What goes down stays down. That has been the story for the dollar in 2009.
Now if we could get a storm over the Wasatch to stay on track and stall out, that would be just perfect. The holidays are ending, tourists are leaving and January still has short enough days where the sun doesn't spoil the snow too quickly.
No, the Head Local won't give you any weather predictions here or tell you his favorite spots in the Deer Valley trees.
If you were able to catch the move and understand it and you added to your commodity portfolio, well, you had a very good year Mr/Mrs. Trader.
Yes, the dollar was weak. If you think about it, all Central Banks weakened their currencies in order to stimulate their respective economies. Why then did the dollar weaken compared to the other currencies when all were devalued?
Maybe it is a blessing in disguise. When markets rally, the dollar weakens. The opposite occurs when markets crash - in the past the dollar has strengthened. In time of need, rely on Uncle Sam.
Will that continue to be the case if the markets deteriorate as the global economy goes into 2010?
Lots of questions will be answered as traders bring the markets back to life after the "Holiday" break. If the equity market rallies, overall volatility stays low and it will be the "grind it out trader" who plugs away each day. If the equity markets swoon due to any number of events, then the disciplined trader will have to quickly adapt to wider spreads and wider ATR's.
Notice that I am NOT making any predictions. I am not an investor in the forex markets and thus don't really care where the currencies go, as long as they go. Also, in order to sleep at night, I RARELY hold open positions going into the close. Therefore, it isn't important to "call" the markets for 2010, but understanding the big picture always helps in intraday trading.
Let's take a quick peak at a longer dated chart:

This look at the GBP/USD on a daily timeframe gives us a great view of the strengthening dollar during the economic freefall and then the weakening dollar during the economic recovery.
BUT, there is a divergence - the equity markets have leaked higher over the past month and the dollar has strengthened.

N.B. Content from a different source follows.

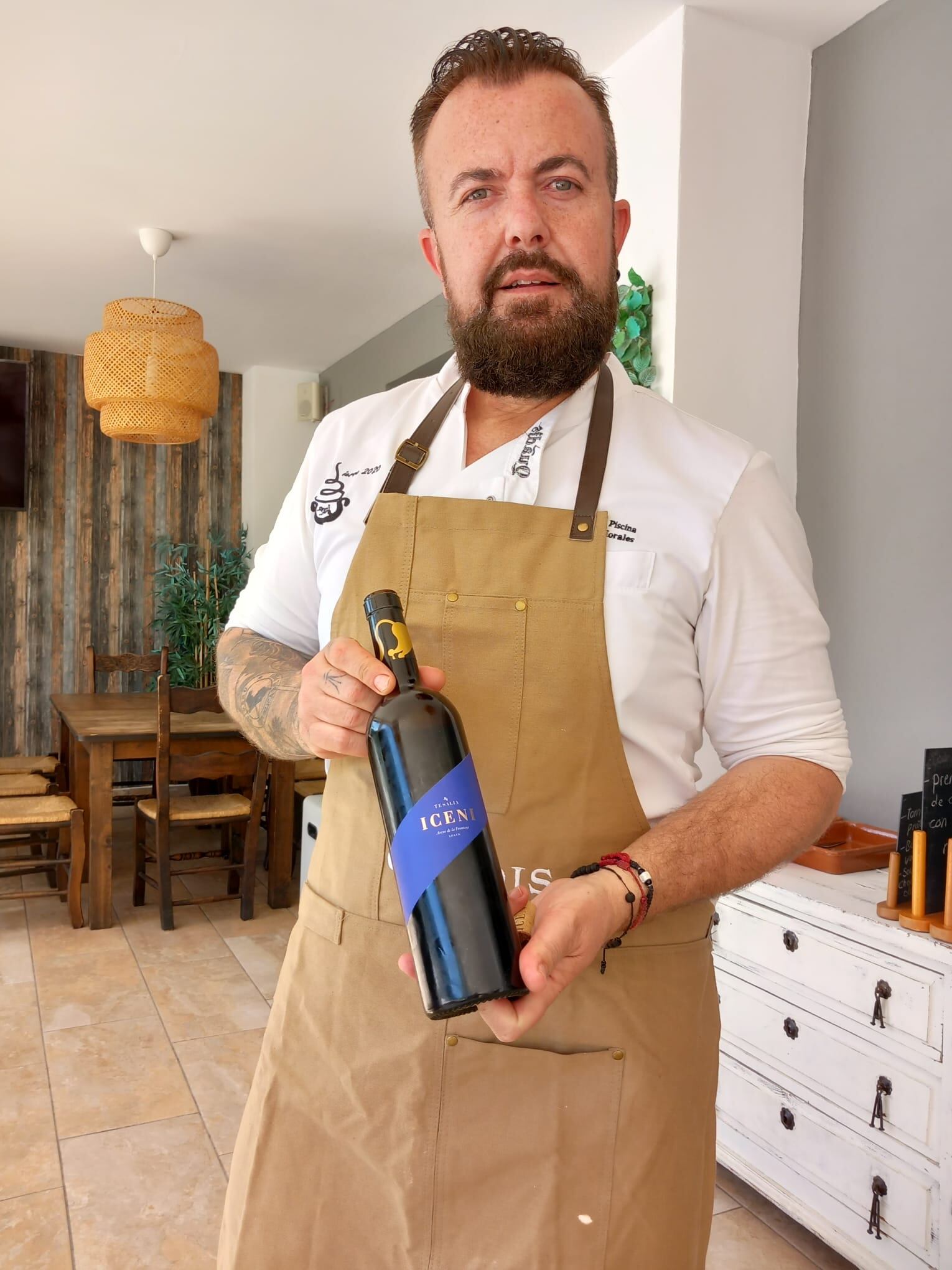 El chef Antonio Morales, con una botella de Iceni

- Is it a small correction in a bigger downmove in the dollar?
- Is it a sign that the equity markets are overbought and buyers of the dollar are preparing for a downmove in equities?
- Is it fear that the Bernanke and the Fed will raise rates?
The bottom line is, wether you are an intraday trader or an investor, you have to pick your spots and have money/risk management as things can change in a hurry.
If the past 2 years are any indication, change seems to be on the horizon and for traders, change is good!